Hey @dashfuneralflowers!
This gets a bit further into estate/tax planning that my experience affords, but I’ll do my best at some broad strokes answers.
I think the 10 year rule is basically the government trying to prevent that money from growing tax free forever. i.e. kids can’t keep their parents money growing in the parents IRA. But your descendents can and should use their own IRAs and 401ks to maximize their own tax-advantaged growth.
And the withdrawal doesn’t and shouldn’t mean an end to investing. It just means that money has to come out of the warm, cozy confines of a tax advantaged account. But it can and should keep growing in whatever other account makes the most sense, which might be a regular brokerage account.

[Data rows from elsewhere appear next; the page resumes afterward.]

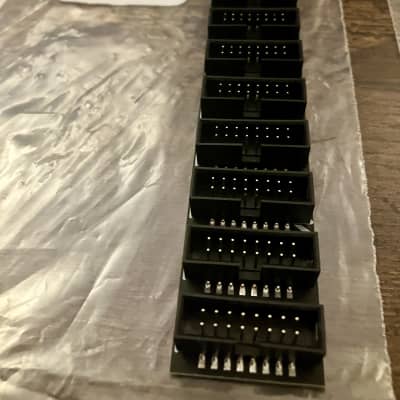 4MS Bus Stick Eurorack Power Board (Keyed Headers) 2010's - Black image 3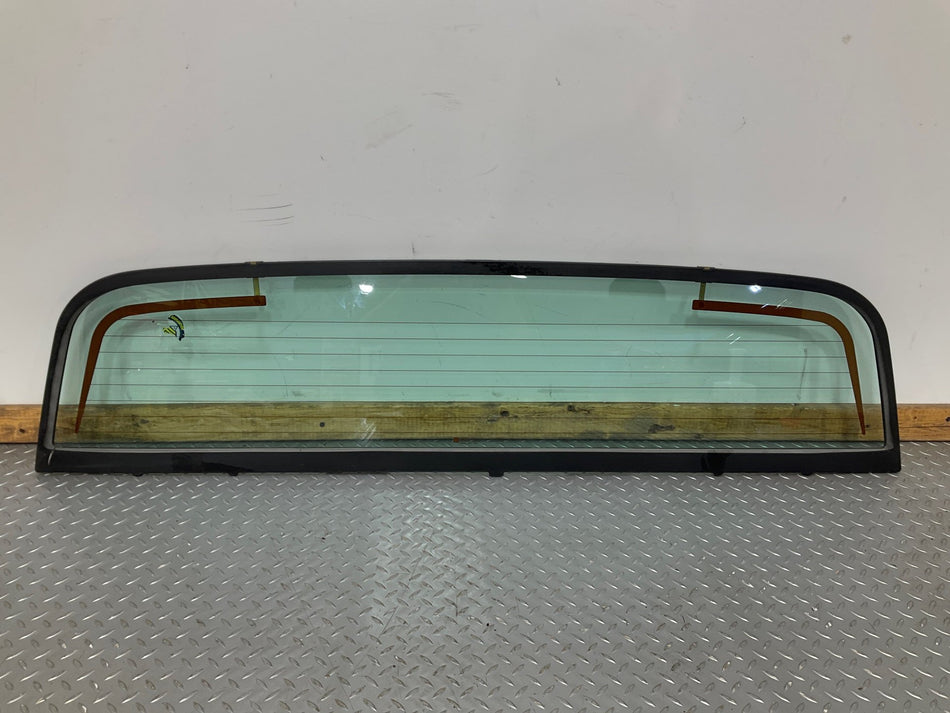 02-06 Cadillac Escalade EXT Rear Heated Glass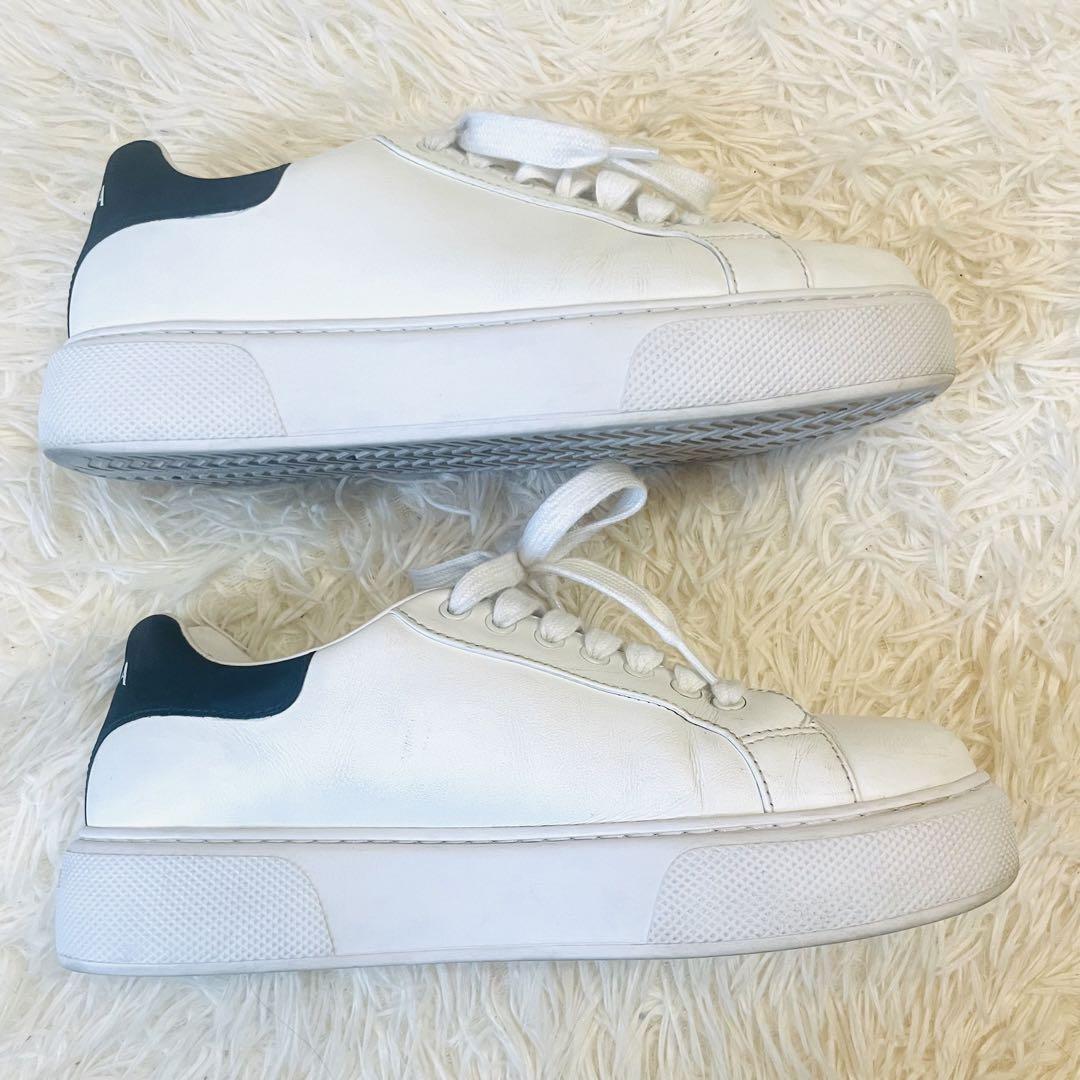 極美品 PRADA プラダ スニーカー ロー 26-26 5㎝ UK7 レザー 極美品 PRADA プラダ スニーカー ロー 26-26 5㎝ UK7 レザー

So, as an example: Let’s say your Roth IRA is worth $1M upon your death. Your kids take over that account, and over the course of the 10 year withdrawal window it grows to $2M. Then they take the $2M out and put it into a regular brokerage account. Over the next 5 years it grows to $3M. Then they sell everything to buy a $2.5M house. The government THEN says “hey, that first $2M was tax free thanks to the rules of the Roth, but you just made that last million without paying any tax on it… so you owe us tax on $1M, or about $200K or so”. So your kid pays $200K in taxes, ends up with $2.8M. Buys a $2.5M house and throws a party with the remaining $300,000. So the question is, do you really want your kid burning $300,000 on a party? If not, maybe avoid leaving him so much!